THE TASK ▸ Could you reproduce all of the entries below without a single change?

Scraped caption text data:
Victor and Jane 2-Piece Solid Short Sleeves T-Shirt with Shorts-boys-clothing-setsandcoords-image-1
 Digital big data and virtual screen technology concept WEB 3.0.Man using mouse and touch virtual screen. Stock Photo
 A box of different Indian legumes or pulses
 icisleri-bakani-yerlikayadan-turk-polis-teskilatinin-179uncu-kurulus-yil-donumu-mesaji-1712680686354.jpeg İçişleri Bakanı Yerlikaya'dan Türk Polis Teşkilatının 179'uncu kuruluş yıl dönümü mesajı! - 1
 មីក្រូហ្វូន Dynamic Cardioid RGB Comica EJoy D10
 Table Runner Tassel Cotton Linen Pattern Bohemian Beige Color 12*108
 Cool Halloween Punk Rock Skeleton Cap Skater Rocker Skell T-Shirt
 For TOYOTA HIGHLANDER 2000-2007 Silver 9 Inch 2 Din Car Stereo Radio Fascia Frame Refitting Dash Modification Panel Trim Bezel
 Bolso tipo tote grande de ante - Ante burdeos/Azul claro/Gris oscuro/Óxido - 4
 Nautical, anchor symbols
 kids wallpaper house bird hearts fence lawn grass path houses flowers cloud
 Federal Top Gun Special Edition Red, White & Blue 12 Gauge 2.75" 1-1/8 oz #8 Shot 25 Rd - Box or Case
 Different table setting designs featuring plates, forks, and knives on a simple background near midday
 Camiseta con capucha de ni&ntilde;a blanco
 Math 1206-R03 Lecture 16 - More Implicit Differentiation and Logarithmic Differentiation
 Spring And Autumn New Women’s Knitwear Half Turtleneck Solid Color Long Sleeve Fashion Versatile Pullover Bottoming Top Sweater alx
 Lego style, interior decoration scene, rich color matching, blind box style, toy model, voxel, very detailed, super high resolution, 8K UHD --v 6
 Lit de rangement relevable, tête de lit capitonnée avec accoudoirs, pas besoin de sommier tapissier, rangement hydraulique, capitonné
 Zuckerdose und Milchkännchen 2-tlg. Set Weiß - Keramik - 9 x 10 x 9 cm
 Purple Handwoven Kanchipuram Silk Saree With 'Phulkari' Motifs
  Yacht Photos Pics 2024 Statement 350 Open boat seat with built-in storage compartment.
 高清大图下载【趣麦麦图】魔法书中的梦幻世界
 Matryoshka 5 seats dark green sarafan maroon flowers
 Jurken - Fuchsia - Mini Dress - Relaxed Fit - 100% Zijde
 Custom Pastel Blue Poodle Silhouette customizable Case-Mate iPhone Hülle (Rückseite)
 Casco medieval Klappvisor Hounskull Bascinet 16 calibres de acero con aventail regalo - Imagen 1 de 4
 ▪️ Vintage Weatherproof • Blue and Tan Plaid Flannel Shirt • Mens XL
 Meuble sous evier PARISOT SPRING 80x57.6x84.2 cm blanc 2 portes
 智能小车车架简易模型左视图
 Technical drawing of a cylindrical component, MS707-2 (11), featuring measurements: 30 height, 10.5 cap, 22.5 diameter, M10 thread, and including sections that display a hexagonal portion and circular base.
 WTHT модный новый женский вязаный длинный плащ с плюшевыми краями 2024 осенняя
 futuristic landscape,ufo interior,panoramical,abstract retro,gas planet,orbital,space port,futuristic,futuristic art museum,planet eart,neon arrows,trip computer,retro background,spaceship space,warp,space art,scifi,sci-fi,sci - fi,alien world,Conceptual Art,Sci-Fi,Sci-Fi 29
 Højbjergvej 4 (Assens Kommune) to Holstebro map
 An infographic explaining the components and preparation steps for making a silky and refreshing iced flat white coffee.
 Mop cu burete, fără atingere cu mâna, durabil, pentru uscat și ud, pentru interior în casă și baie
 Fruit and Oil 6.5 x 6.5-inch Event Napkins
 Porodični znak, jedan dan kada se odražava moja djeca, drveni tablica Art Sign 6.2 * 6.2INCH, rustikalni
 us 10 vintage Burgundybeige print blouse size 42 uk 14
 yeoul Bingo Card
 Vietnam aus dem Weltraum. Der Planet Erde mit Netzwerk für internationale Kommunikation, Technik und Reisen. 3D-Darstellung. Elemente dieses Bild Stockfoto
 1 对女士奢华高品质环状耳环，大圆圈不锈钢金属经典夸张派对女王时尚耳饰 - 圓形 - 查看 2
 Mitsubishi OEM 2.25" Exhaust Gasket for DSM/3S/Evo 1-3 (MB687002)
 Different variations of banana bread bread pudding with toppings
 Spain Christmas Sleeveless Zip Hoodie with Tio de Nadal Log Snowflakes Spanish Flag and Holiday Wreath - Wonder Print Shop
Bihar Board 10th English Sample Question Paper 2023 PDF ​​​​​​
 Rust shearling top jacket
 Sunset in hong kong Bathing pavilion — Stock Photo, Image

RESULT FOR THIS TASK ▸
Victor and Jane 2-Piece Solid Short Sleeves T-Shirt with Shorts-boys-clothing-setsandcoords-image-1
 Digital big data and virtual screen technology concept WEB 3.0.Man using mouse and touch virtual screen. Stock Photo
 A box of different Indian legumes or pulses
 icisleri-bakani-yerlikayadan-turk-polis-teskilatinin-179uncu-kurulus-yil-donumu-mesaji-1712680686354.jpeg İçişleri Bakanı Yerlikaya'dan Türk Polis Teşkilatının 179'uncu kuruluş yıl dönümü mesajı! - 1
 មីក្រូហ្វូន Dynamic Cardioid RGB Comica EJoy D10
 Table Runner Tassel Cotton Linen Pattern Bohemian Beige Color 12*108
 Cool Halloween Punk Rock Skeleton Cap Skater Rocker Skell T-Shirt
 For TOYOTA HIGHLANDER 2000-2007 Silver 9 Inch 2 Din Car Stereo Radio Fascia Frame Refitting Dash Modification Panel Trim Bezel
 Bolso tipo tote grande de ante - Ante burdeos/Azul claro/Gris oscuro/Óxido - 4
 Nautical, anchor symbols
 kids wallpaper house bird hearts fence lawn grass path houses flowers cloud
 Federal Top Gun Special Edition Red, White & Blue 12 Gauge 2.75" 1-1/8 oz #8 Shot 25 Rd - Box or Case
 Different table setting designs featuring plates, forks, and knives on a simple background near midday
 Camiseta con capucha de ni&ntilde;a blanco
 Math 1206-R03 Lecture 16 - More Implicit Differentiation and Logarithmic Differentiation
 Spring And Autumn New Women’s Knitwear Half Turtleneck Solid Color Long Sleeve Fashion Versatile Pullover Bottoming Top Sweater alx
 Lego style, interior decoration scene, rich color matching, blind box style, toy model, voxel, very detailed, super high resolution, 8K UHD --v 6
 Lit de rangement relevable, tête de lit capitonnée avec accoudoirs, pas besoin de sommier tapissier, rangement hydraulique, capitonné
 Zuckerdose und Milchkännchen 2-tlg. Set Weiß - Keramik - 9 x 10 x 9 cm
 Purple Handwoven Kanchipuram Silk Saree With 'Phulkari' Motifs
  Yacht Photos Pics 2024 Statement 350 Open boat seat with built-in storage compartment.
 高清大图下载【趣麦麦图】魔法书中的梦幻世界
 Matryoshka 5 seats dark green sarafan maroon flowers
 Jurken - Fuchsia - Mini Dress - Relaxed Fit - 100% Zijde
 Custom Pastel Blue Poodle Silhouette customizable Case-Mate iPhone Hülle (Rückseite)
 Casco medieval Klappvisor Hounskull Bascinet 16 calibres de acero con aventail regalo - Imagen 1 de 4
 ▪️ Vintage Weatherproof • Blue and Tan Plaid Flannel Shirt • Mens XL
 Meuble sous evier PARISOT SPRING 80x57.6x84.2 cm blanc 2 portes
 智能小车车架简易模型左视图
 Technical drawing of a cylindrical component, MS707-2 (11), featuring measurements: 30 height, 10.5 cap, 22.5 diameter, M10 thread, and including sections that display a hexagonal portion and circular base.
 WTHT модный новый женский вязаный длинный плащ с плюшевыми краями 2024 осенняя
 futuristic landscape,ufo interior,panoramical,abstract retro,gas planet,orbital,space port,futuristic,futuristic art museum,planet eart,neon arrows,trip computer,retro background,spaceship space,warp,space art,scifi,sci-fi,sci - fi,alien world,Conceptual Art,Sci-Fi,Sci-Fi 29
 Højbjergvej 4 (Assens Kommune) to Holstebro map
 An infographic explaining the components and preparation steps for making a silky and refreshing iced flat white coffee.
 Mop cu burete, fără atingere cu mâna, durabil, pentru uscat și ud, pentru interior în casă și baie
 Fruit and Oil 6.5 x 6.5-inch Event Napkins
 Porodični znak, jedan dan kada se odražava moja djeca, drveni tablica Art Sign 6.2 * 6.2INCH, rustikalni
 us 10 vintage Burgundybeige print blouse size 42 uk 14
 yeoul Bingo Card
 Vietnam aus dem Weltraum. Der Planet Erde mit Netzwerk für internationale Kommunikation, Technik und Reisen. 3D-Darstellung. Elemente dieses Bild Stockfoto
 1 对女士奢华高品质环状耳环，大圆圈不锈钢金属经典夸张派对女王时尚耳饰 - 圓形 - 查看 2
 Mitsubishi OEM 2.25" Exhaust Gasket for DSM/3S/Evo 1-3 (MB687002)
 Different variations of banana bread bread pudding with toppings
 Spain Christmas Sleeveless Zip Hoodie with Tio de Nadal Log Snowflakes Spanish Flag and Holiday Wreath - Wonder Print Shop
Bihar Board 10th English Sample Question Paper 2023 PDF ​​​​​​
 Rust shearling top jacket
 Sunset in hong kong Bathing pavilion — Stock Photo, Image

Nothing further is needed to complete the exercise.